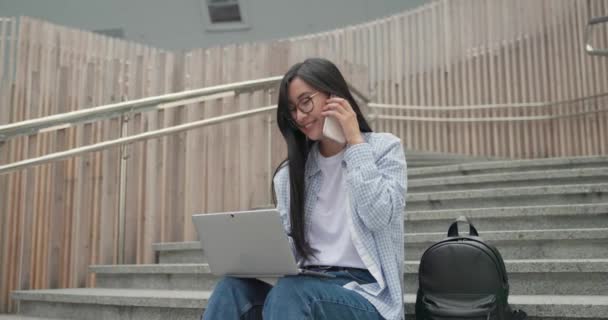 Улыбающиеся Азиатские Молодые Студентки Сидят Лестнице Помощью Ноутбука Разговаривают Мобильному — стоковое видео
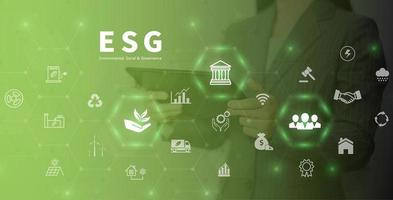 concept d'entreprise d'investissement de gouvernance sociale environnement esg. les femmes utilisent un ordinateur pour analyser l'esg, entouré d'icônes esg. près de l'écran d'ordinateur dans le concept de stratégie d'investissement des entreprises. photo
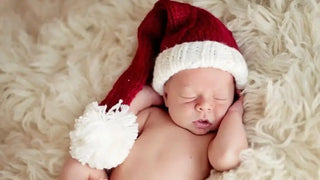 Red and white knit santa hat with pom-pom, soft material suitable for newborns.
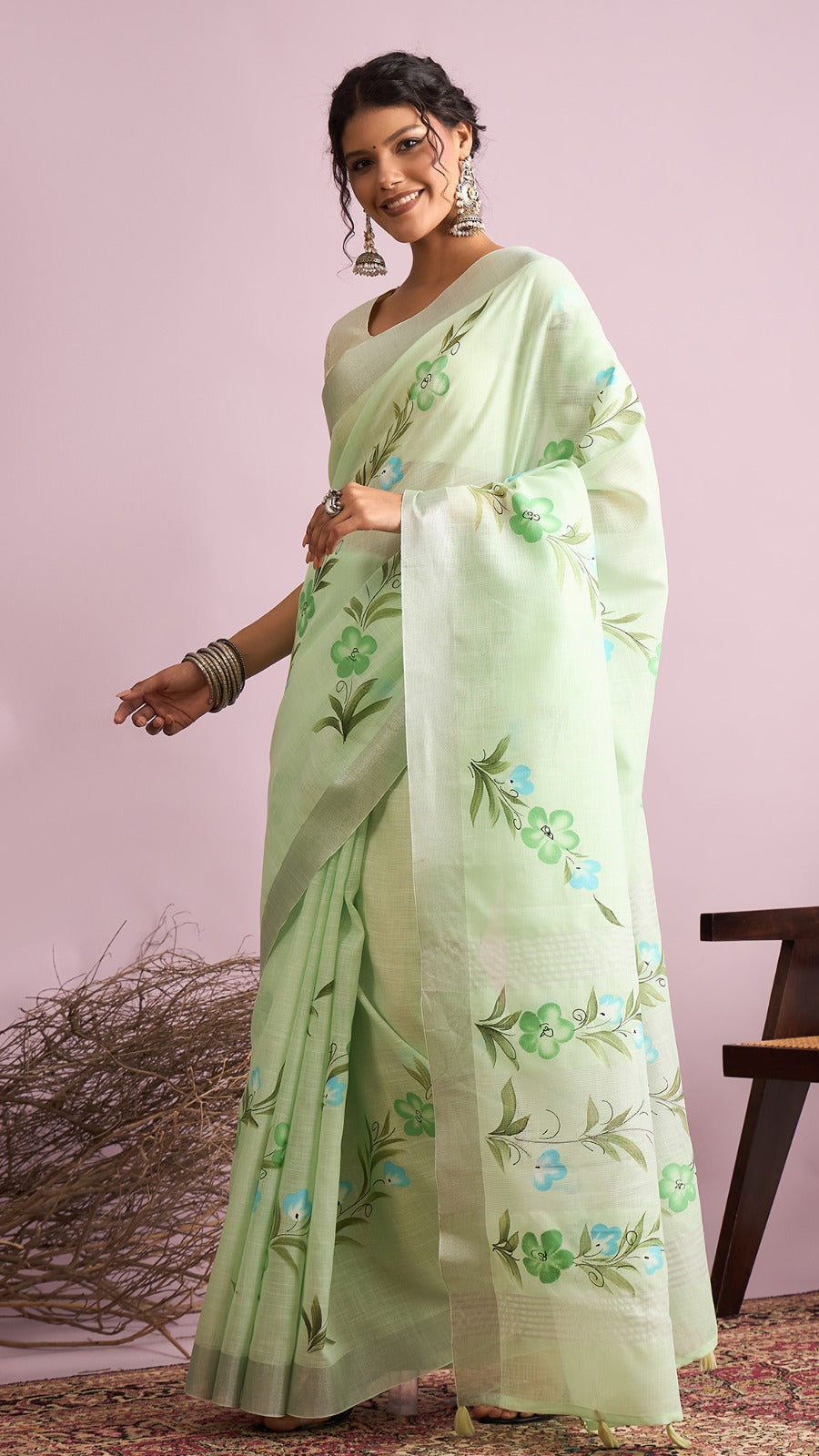 Pastel green linen cotton saree with floral print and elegant casual wear styling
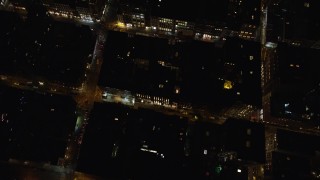 AX122_245 - 5.5K aerial stock footage of a bird's eye of Kenmare Street and stores at Night in Soho, New York City
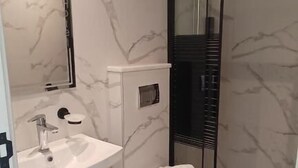Un baño moderno con salpicadero de mármol, un lavabo blanco, inodoro y cabina de ducha de cristal.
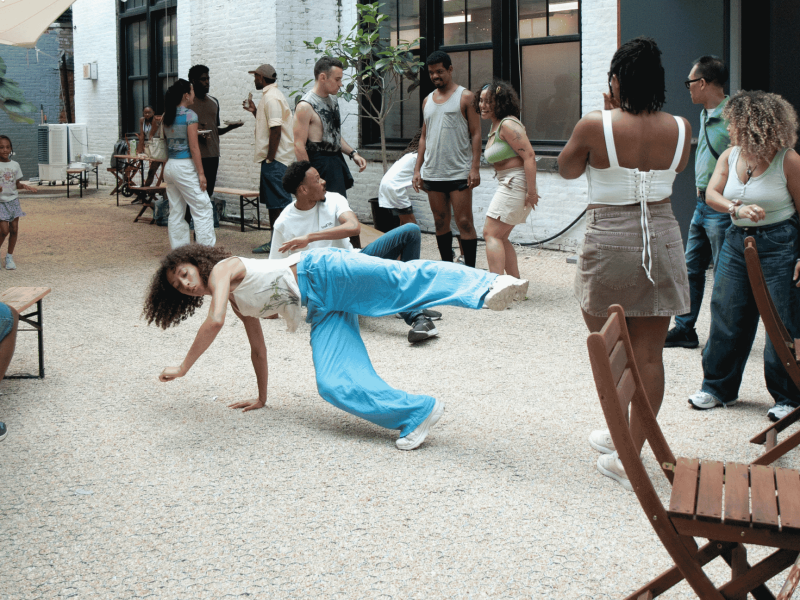 ID: People gathered in open courtyard. Dancer is in motion at a low level with a leg and an arm in the air.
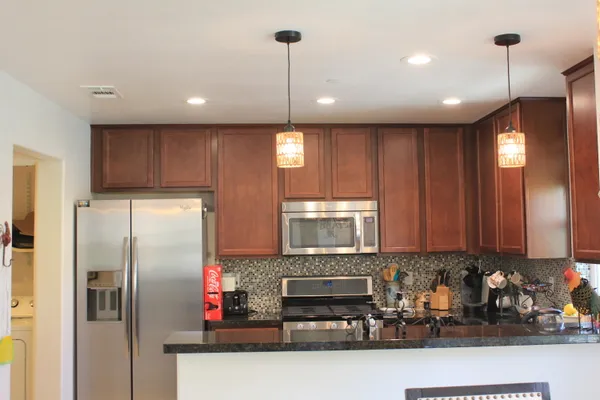 a bathroom with a toilet a sink and a mirror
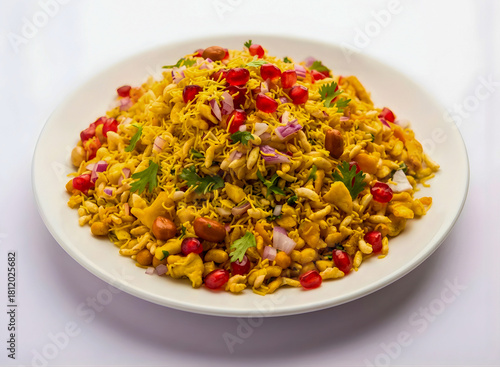 Indian Bhel Puri Chaat Street Food with Pomegranate and Sev on White Plate.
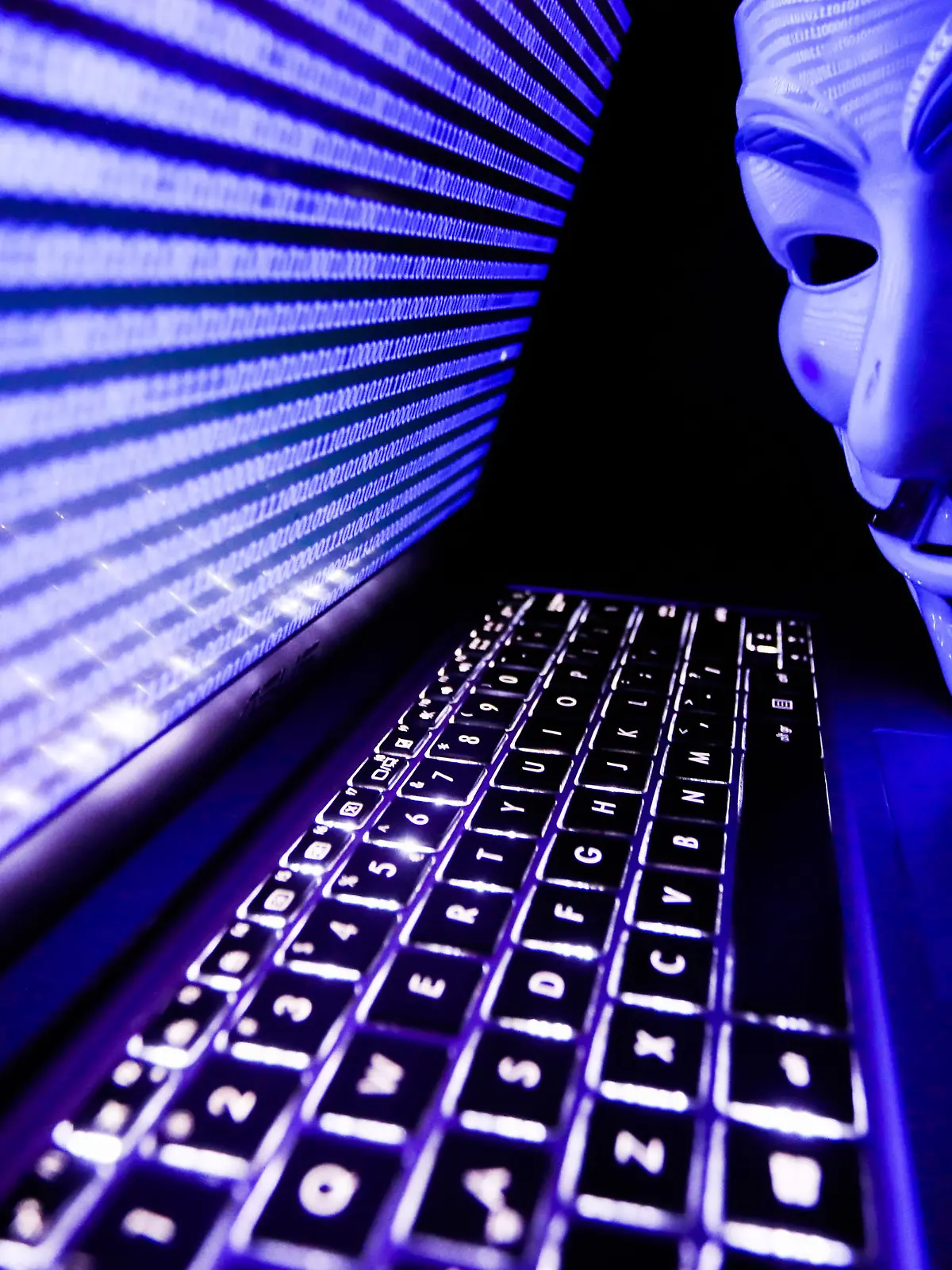 Binary code displayed on a laptop screen and Guy Fawkes mask are seen in this illustration photo taken in Krakow, Poland on March 1, 2022. Global hacker group Anonymous declared 'cyber war' against Russia. (Photo by Jakub Porzycki/NurPhoto)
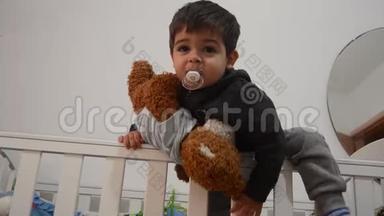 可爱的两岁小孩抱着穿着婴儿身服的玩具熊，打电话给妈妈把他从床上抱下来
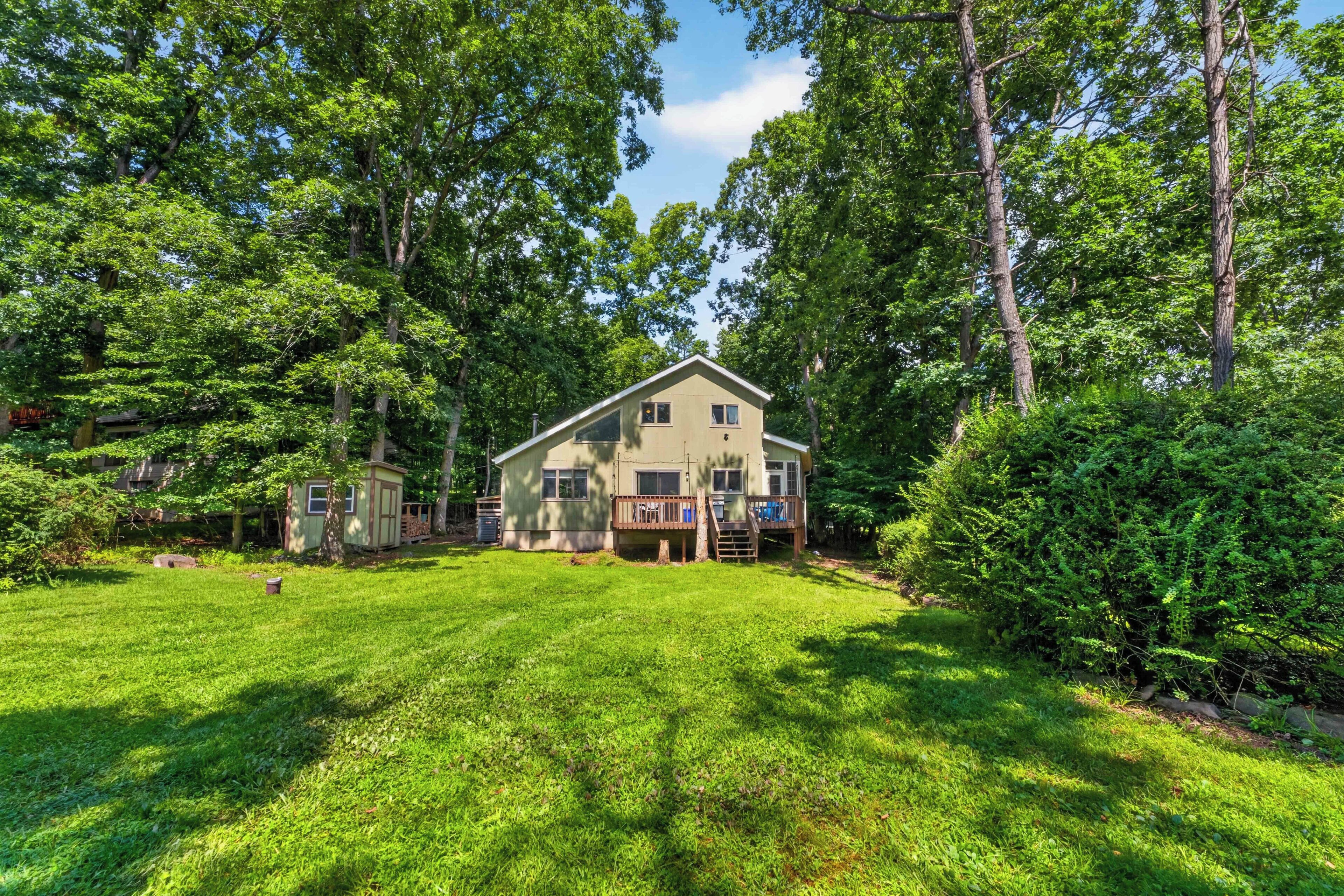 A two-story house with a deck, surrounded by a well-maintained lawn and dense trees.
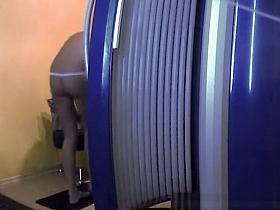 Two girls spied in tanning room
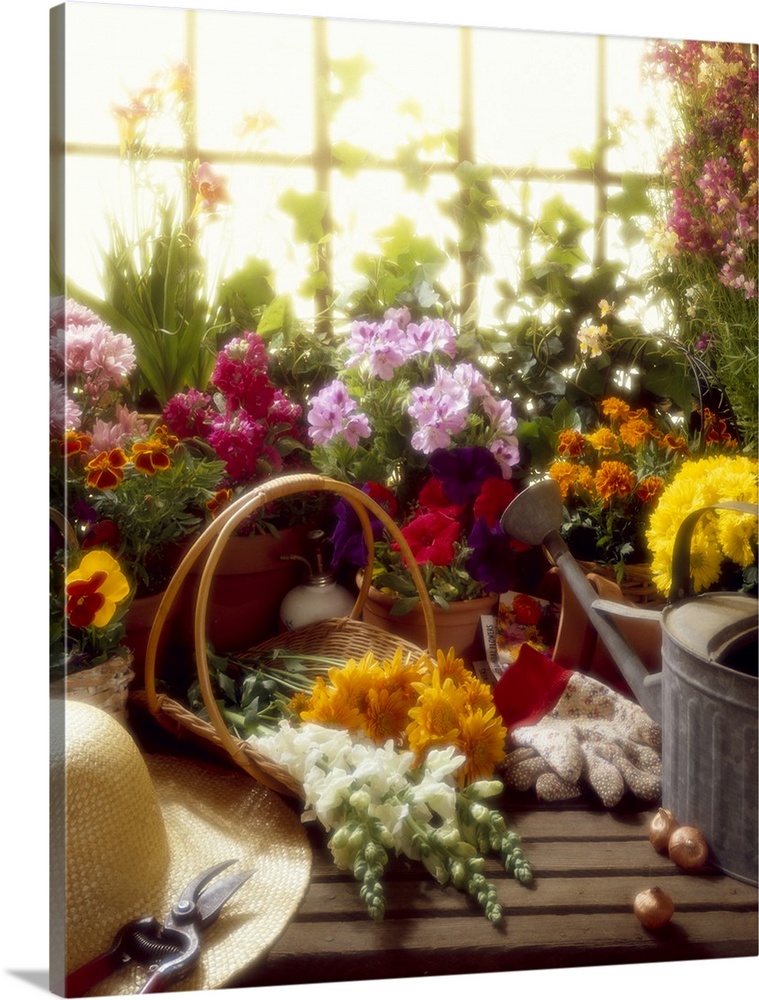 Gardener's workbench with various flowers.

****

▶ _Exercise directions_: Pictures are to be left out. Write out only the lines above starting at the one with "AX122_245 - 5.5K" and ending at the one with "Indian Bhel Puri", both lines included, exactly.

▶ _Output for this task_:
 AX122_245 - 5.5K aerial stock footage of a bird's eye of Kenmare Street and stores at Night in Soho, New York City
Un baño moderno con salpicadero de mármol, un lavabo blanco, inodoro y cabina de ducha de cristal.
 ID: People gathered in open courtyard. Dancer is in motion at a low level with a leg and an arm in the air.
 a bathroom with a toilet a sink and a mirror
 Indian Bhel Puri Chaat Street Food with Pomegranate and Sev on White Plate.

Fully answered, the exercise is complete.